From mboxrd@z Thu Jan  1 00:00:00 1970
Received: from [140.186.70.92] (port=51486 helo=eggs.gnu.org)
	by lists.gnu.org with esmtp (Exim 4.43) id 1OBtxT-0000LD-BM
	for qemu-devel@nongnu.org; Tue, 11 May 2010 14:13:35 -0400
Received: from Debian-exim by eggs.gnu.org with spam-scanned (Exim 4.69)
	(envelope-from <jamie@shareable.org>) id 1OBtxP-0004CU-9E
	for qemu-devel@nongnu.org; Tue, 11 May 2010 14:13:29 -0400
Received: from mail2.shareable.org ([80.68.89.115]:48729)
	by eggs.gnu.org with esmtp (Exim 4.69)
	(envelope-from <jamie@shareable.org>) id 1OBtxP-0004CG-4N
	for qemu-devel@nongnu.org; Tue, 11 May 2010 14:13:27 -0400
Date: Tue, 11 May 2010 19:13:22 +0100
From: Jamie Lokier <jamie@shareable.org>
Subject: Re: [Qemu-devel] Re: [PATCH 2/2] Add flush=off parameter to -drive
Message-ID: <20100511181322.GA30446@shareable.org>
References: <1273528310-7051-1-git-send-email-agraf@suse.de>
	<201005111315.08897.paul@codesourcery.com>
	<4BE950E0.5050107@codemonkey.ws>
	<201005111412.02809.paul@codesourcery.com>
	<4BE959B2.3090904@codemonkey.ws>
	<20100511163242.GA27028@shareable.org>
	<4BE990CE.40505@codemonkey.ws>
MIME-Version: 1.0
Content-Type: text/plain; charset=us-ascii
Content-Disposition: inline
In-Reply-To: <4BE990CE.40505@codemonkey.ws>
List-Id: qemu-devel.nongnu.org
List-Unsubscribe: <http://lists.nongnu.org/mailman/listinfo/qemu-devel>,
	<mailto:qemu-devel-request@nongnu.org?subject=unsubscribe>
List-Archive: <http://lists.nongnu.org/archive/html/qemu-devel>
List-Post: <mailto:qemu-devel@nongnu.org>
List-Help: <mailto:qemu-devel-request@nongnu.org?subject=help>
List-Subscribe: <http://lists.nongnu.org/mailman/listinfo/qemu-devel>,
	<mailto:qemu-devel-request@nongnu.org?subject=subscribe>
To: Anthony Liguori <anthony@codemonkey.ws>
Cc: Kevin Wolf <kwolf@redhat.com>, Alexander Graf <agraf@suse.de>, armbru@redhat.com, qemu-devel@nongnu.org, Paul Brook <paul@codesourcery.com>, Christoph Hellwig <hch@lst.de>

Anthony Liguori wrote:
> qemu-img create -f raw foo.img 10G
> mkfs.ext3 foo.img
> mount -oloop,rw,barrier=1 -t ext3 foo.img mnt
> 
> Works perfectly fine.

Hmm, interesting.  Didn't know loop propagated barriers.
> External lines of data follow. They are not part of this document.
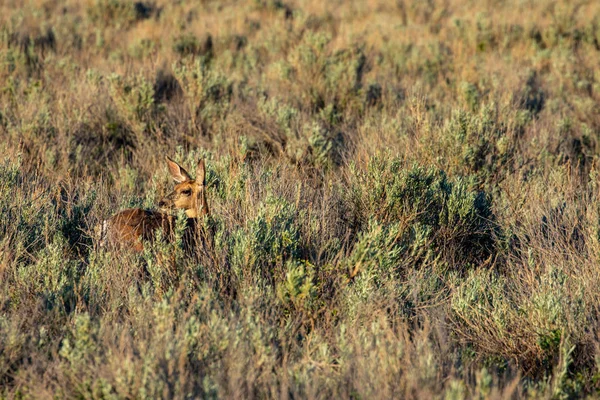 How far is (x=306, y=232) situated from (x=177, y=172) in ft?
6.66

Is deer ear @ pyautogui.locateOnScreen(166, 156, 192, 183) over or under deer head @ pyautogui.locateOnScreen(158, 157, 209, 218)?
over

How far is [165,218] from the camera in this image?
5.72m

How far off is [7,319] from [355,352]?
6.75 feet

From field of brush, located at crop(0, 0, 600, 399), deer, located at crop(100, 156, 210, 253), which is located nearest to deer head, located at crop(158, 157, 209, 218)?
deer, located at crop(100, 156, 210, 253)

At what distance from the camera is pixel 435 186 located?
19.3 feet

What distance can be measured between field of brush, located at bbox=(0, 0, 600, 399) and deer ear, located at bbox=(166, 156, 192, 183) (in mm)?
248

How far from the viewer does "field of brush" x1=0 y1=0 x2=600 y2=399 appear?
3535 millimetres

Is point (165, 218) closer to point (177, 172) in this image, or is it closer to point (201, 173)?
point (201, 173)

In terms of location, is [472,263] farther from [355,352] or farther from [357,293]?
[355,352]

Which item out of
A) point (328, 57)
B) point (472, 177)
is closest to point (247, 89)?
point (328, 57)

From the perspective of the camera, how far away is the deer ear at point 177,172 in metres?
6.50

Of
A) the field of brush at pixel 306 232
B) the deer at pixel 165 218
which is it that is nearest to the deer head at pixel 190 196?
the deer at pixel 165 218

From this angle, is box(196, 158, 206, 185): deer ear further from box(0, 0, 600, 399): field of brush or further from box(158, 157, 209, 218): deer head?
box(0, 0, 600, 399): field of brush

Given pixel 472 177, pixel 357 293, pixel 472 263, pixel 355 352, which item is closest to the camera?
pixel 355 352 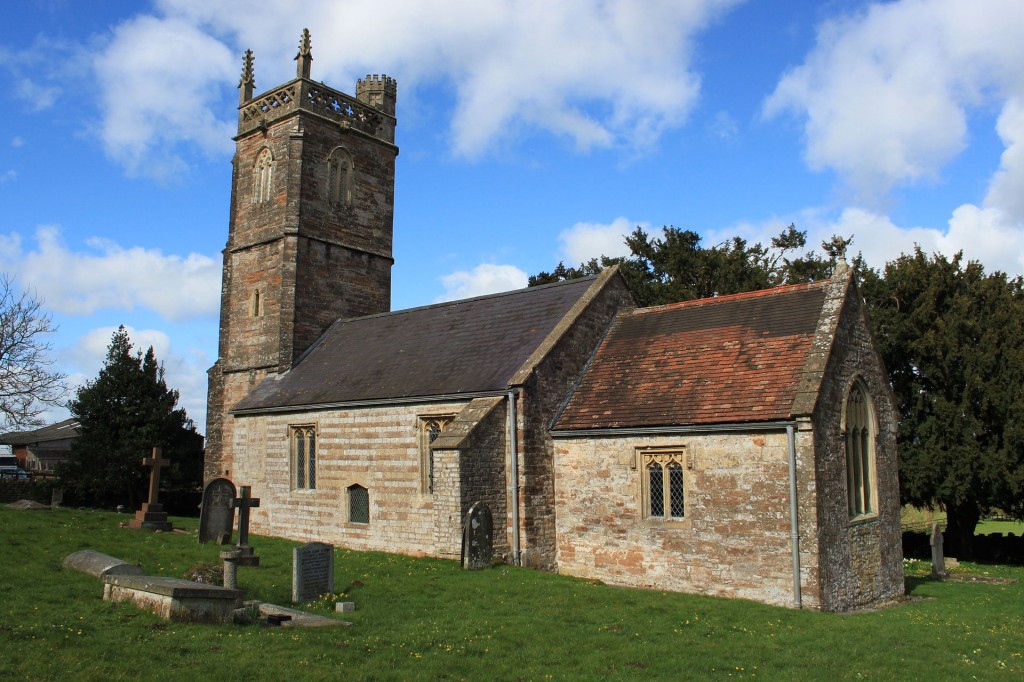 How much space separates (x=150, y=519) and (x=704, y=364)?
14.2 metres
So you're suggesting to use qemu with a loop device, and ext2 (bit
faster than ext3) and barrier=0 (well, that's implied if you use
ext2), and a raw image file on the ext2/3 filesystem, to provide the
effect of flush=off, becuase the loop device caches block writes on
the host, except for explicit barrier requests from the fs, which are
turned off?

That wasn't obvious the first time :-)

Does the loop device cache fs writes instead of propagating them
immediately to the underlying fs?  I guess it probably does.

Does the loop device allow the backing file to grow sparsely, to get
behavious like qcow2?

That's ugly but it might just work.

> >2. barrier=0 does _not_ provide the cache=off behaviour.  It only
> >disables barriers; it does not prevent writing to the disk hardware.
> 
> The proposal has nothing to do with cache=off.
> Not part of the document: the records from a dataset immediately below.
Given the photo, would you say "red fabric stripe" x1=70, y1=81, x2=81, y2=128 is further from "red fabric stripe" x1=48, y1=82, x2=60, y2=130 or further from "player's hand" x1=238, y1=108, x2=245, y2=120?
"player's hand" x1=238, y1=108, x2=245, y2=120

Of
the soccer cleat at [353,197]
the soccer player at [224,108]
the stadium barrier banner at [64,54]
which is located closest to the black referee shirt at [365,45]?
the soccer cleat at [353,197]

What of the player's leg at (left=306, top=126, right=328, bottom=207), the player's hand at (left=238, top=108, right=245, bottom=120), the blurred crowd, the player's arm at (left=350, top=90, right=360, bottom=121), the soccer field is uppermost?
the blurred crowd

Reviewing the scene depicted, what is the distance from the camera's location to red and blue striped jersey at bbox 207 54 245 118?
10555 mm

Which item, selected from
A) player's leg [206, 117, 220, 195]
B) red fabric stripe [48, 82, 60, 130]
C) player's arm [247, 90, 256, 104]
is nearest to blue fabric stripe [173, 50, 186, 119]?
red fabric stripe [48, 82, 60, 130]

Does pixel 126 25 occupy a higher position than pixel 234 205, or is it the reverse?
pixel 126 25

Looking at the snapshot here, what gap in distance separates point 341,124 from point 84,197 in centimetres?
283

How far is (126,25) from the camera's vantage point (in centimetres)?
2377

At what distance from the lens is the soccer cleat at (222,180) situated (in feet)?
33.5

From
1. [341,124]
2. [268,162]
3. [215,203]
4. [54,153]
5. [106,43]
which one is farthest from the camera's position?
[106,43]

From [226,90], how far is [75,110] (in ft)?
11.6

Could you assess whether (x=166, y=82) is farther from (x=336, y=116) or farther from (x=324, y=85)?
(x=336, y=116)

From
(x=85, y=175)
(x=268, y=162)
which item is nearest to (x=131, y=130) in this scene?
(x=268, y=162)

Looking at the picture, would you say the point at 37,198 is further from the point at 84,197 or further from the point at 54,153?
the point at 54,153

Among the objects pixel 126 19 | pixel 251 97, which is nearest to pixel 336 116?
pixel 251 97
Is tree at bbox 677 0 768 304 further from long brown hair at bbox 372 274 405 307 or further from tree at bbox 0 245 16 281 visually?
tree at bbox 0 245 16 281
Sorry, I meant flush=off (the proposal).  Mounting the host filesystem
(i.e. not using a loop device anywhere) with barrier=0 doesn't have
even close to the same effect.

> >>The problem with options added for developers is that those options are
> >>very often accidentally used for production.
> >>     
> >We already have risky cache= options.  Also, do we call fdatasync
> >(with barrier) on _every_ write for guests which disable the
> >emulated disk cache?
> 
> None of our cache= options should result in data corruption on power 
> loss.  If they do, it's a bug.

(I might have the details below a bit off.)

If cache=none uses O_DIRECT without calling fdatasync for guest
barriers, then it will get data corruption on power loss.

If cache=none does call fdatasync for guest barriers, then it might
still get corruption on power loss; I am not sure if recent Linux host
behaviour of O_DIRECT+fdatasync (with no buffered writes to commit)
issues the necessary barriers.  I am quite sure that older kernels did not.

cache=writethrough will get data corruption on power loss with older
Linux host kernels.  O_DSYNC did not issue barriers.  I'm not sure if
the behaviour of O_DSYNC that was recently changed is now issuing
barriers after every write.

Provided all the cache= options call fdatasync/fsync when the guest
issues a cache flush, and call fdatasync/fsync following _every_ write
when the guest has disabled the emulated write cache, that should be
as good as Qemu can reasonably do.  It's up to the host from there.

-- Jamie